So can you all see my screen already? I think so. Yeah. Alright.
Cool. so welcome, everyone. I’m happy to host this session today on building blocks of a strong experimentation program.
So we work with clients ranging from more or less small eCommerce brands to bigger eCommerce brands, but also in other areas. And our goal as an agency is usually not just to be a siloed function where we run experiments and people in the company, just get the fruits from them, but, really, we want to build an experimentation program basically scale it up so, the company can then later use the spirit of experimentation for their growth. And so with this talk, I want to give a bit of an idea of what we see as the 3, you actually took that already away, three building blocks of an experimentation program. But before we go in, I quickly want to tell a story, unfortunately, I can’t reveal who that was specifically, but it was the CMO of one of our clients. And I was just writing a message, a while back, saying that I really appreciate working with him and his team, and that’s always a pleasure. And he replied with a bit of a story, and it was basically, I translated this from German because we’re a German company, and the conversation initially took place in German, but, he basically described how things turned over the duration of us working together and building the experimentation program in the company. And he described it as being initially a bit annoying because it was extra work to how they were initially rolling out features, rolling out changes to their websites and to their apps. But over time, that actually changed and the the way they saw experimentation, the way they saw A/B testing, that changed.

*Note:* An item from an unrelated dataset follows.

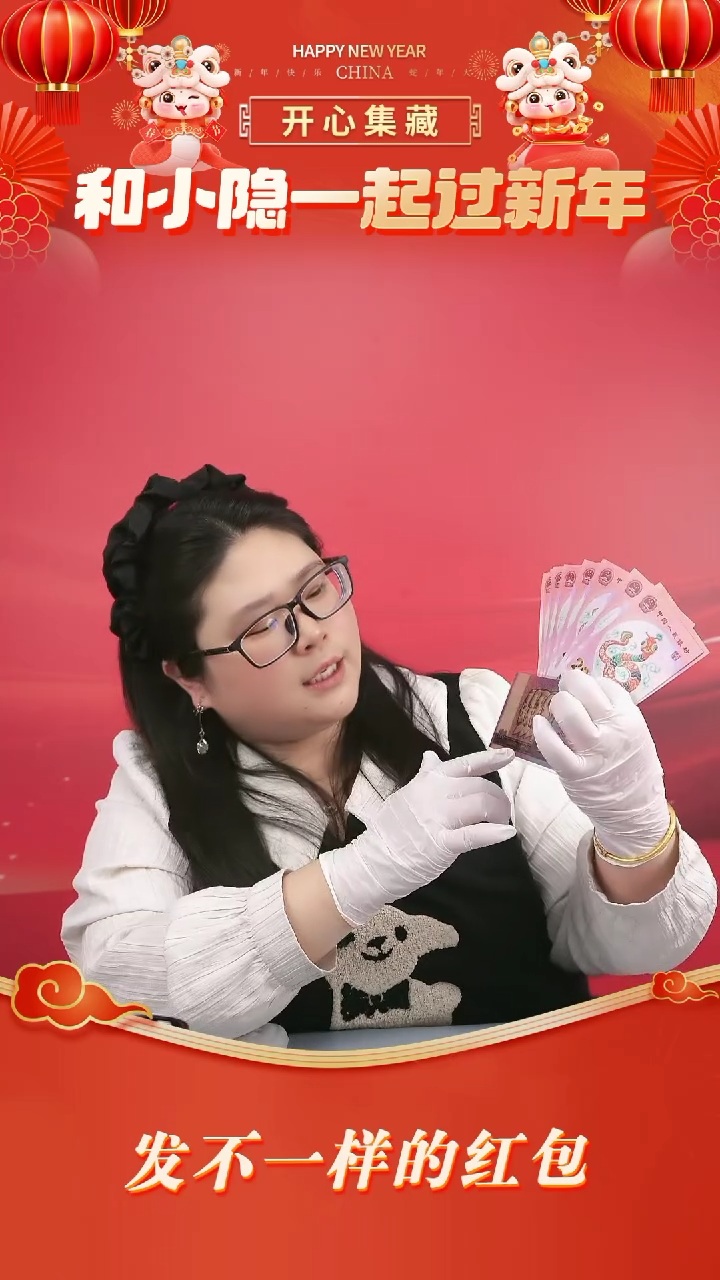 【闪购商品】塑料1111111111111111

And, yeah so, I’m really happy to actually share this, because this was also a fun moment for for us because it again, showing that experimentation once deployed in a company, and once it’s not only just us working on running tests and rolling them out, can really have an impact. But now, this as a quick intro, as a quick start, but if we go into the next slide here, I quickly wanna show you what we wanna talk through today. The first one is looking at people running experiments throughout a company, then the actual building blocks, and I’ll share it’s, what, basically, 3 building blocks that we see, one buying process and visibility, then we will talk a bit about experimentation maturity and what it means for you and what you can take away from it for the next day and, for, hopefully, the growth of experimentation within your company. And so quickly, I don’t wanna do too much about it. But if you, like this talk, if it’s at all interesting, check out my LinkedIn, have some resources there about experimentation. My bits and bobs, what I think about, how to scale experimentation in your company.
And, yeah, also, of course, if you wanna work with us, this is, the place to go and check out.
So quickly, I mentioned, like, people running experiments in your company. And we, I like this graphic here quite a bit where on the bottom end in this circle, we have basically singular. So experiments are run maybe by 1 or 2 people, but often heavily, monitored by management or leadership where every experiment has to first go through a rigid approval process, not really what you would think about an experimentation program or an experimentation culture within the company that encourages to try things out. Right? Then there is the next bubble, right?
So and I described it as some because there might be some people working on experimentation, working on rolling out experiments, testing features, what I see this is oftentimes limited to marketing. So people run marketing experiments, not necessarily only in A/B testing, but also in running ad tests, right, like testing out different ad sets or whatever or creatives in this process. This is often where agencies start to come in. Right? It’s like the company realizes, so you might realize, hey, we need to use experimentation.
You might have heard about A/B testing, and you wanna scale it to the next level. This is usually where agencies come in or where a small team, is somewhat siloed working on experiment. And then there is, I just thought like this, infinity sign would describe it in the best possible way. But where literally everyone in the company, is allowed to run experiments or at least to commission and contribute in this process of experimentation that you want to grow. Right? So this is our idea.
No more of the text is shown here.